Every year the Church rehearses the works of Christ for our salvation according to a pattern that developed in late antiquity and has been transmitted in the classical Book of Common Prayer. It is significant, in at least four ways, that the Church’s liturgical year begins with the season of Advent.
1) Right after Thanksgiving if not before, secular society plunges immediately into its commercial Christmas; and as a result, by the time Christmas finally arrives on December 25th, the world is exhausted and ready to move on. But Advent’s penitential purple indicates that such full-on celebration is premature. In the observance of Advent, we get to practice waiting for God to come, in patience and humility, sustained only by faith in his word of promise. The payoff of this impulse denial is that we approach Christmas with a feeling of growing expectation, and a readiness to hear again the angelic proclamation of Messiah’s birth as “news” – news that is “good tidings of great joy”.
Advent is much more than merely a season of preparation for Christmas. It has its own wisdom to impart. It’s deeply significant that we begin the Church’s year not with man’s search for God, but with Christ’s coming to us. Man does search for God, but apart from Christ’s coming to us, that search, however noble its aspirations may be, must finally fall short. For us to find the one we are searching for, for mankind to attain to God, God must first come to man.
2) God’s coming to man in Christ does not merely initiate the process of our return to God, but at every point sustains and completes it. At every step of the way as man returns to God, we are dependent on God’s coming to us. That is to say, our faith, our hope, our love for God, our repentance and obedience, our holy desires and aspirations, are always the work of grace both prevenient and cooperative. Advent teaches to look for Christ’s coming, and indeed to ask and long for his coming, as the very possibility of our return to God.
“Stir up thy strength, and come and help us: Turn us, O God; show the light of thy countenance and we shall be whole”.

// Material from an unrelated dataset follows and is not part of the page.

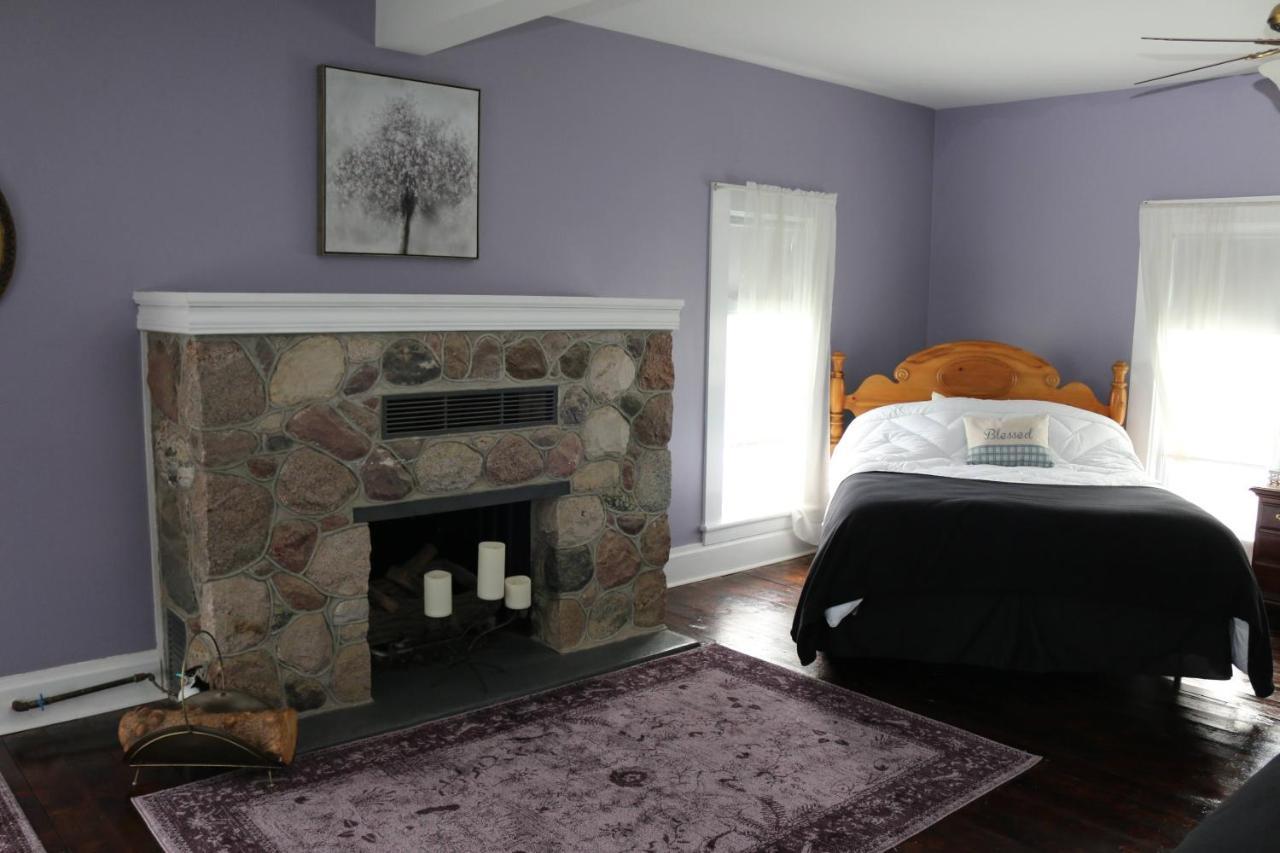 Loj Bnb Morley Bagian luar foto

3) It is in the coming of Christ in the flesh of our humanity that God comes to us, in which the whole motion of God towards his people begun in the Old Testament, (“I am come down to deliver them”, Exodus 3:8) is brought to fulfilment, when God takes upon himself the nature he is to save, and makes it the very instrument of that salvation. Even when Christ returns to the Father, he will return to the Father in the flesh of the humanity he assumed in his first coming, and even when the Spirit is poured out on his disciples as the earnest of our redemption, it is the Spirit not only of the Father but also of the incarnate Christ, by whom we are incorporated into one Body in Christ and made partakers of all that he has accomplished for us in his humanity. In short, because Christ has come in the flesh, the true fulfilment of our humanity – now prevented by sin and death – is certain. Because he has come, it is now possible that we shall become fully human – we who are as yet much less than fully human.

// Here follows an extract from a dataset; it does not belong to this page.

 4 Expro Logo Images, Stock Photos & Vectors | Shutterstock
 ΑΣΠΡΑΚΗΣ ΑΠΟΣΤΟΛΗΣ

4) Christ’s coming is “both now and not yet”. We might think that means something that has just begun and is not yet fully realized, but we need to go further than that; for in a sense it has already been fully accomplished FOR us, in Christ, in his first coming; what we look for is its full accomplishment IN us, by his Spirit; the full revelation of the redemption that he has wrought for us, in our bodies and in our souls, when he comes again in judgment, and the dead are raised to glory or shame. Precisely because he has first come, and already accomplished our redemption, we know what to look for, and so through the practice of grateful remembering we may grow in confident hope. The world is very dark, the sinfulness of the flesh darkens our minds and corrupts our appetites, but Christ is on his way, and the sorrows of this present age will become like the fast-fading shreds of a departing evil dream. It is this remembrance of the past that is not nostalgia for a lost golden age, and this expectation of the future that is not fanatic utopianism, that gives the present its own meaning and significance, in which we look for coming of Christ by his Spirit in all of the circumstances of our lives, in all of the choices set before us, in the very least of the things we are called to do or to suffer.
The season of Advent is the calendrical symbol of God reaching out to humanity through Christ’s arriva —more than just preparation for Christmas, it is the essence of our theology and our spiritual journey. Our return to God hinges on God’s continuous presence in our lives. Our prayer in this and every moment must be: “Stir up thy strength, O Lord, and come and help us: turn us again, O God, show the light of thy countenance, and we shall be whole.”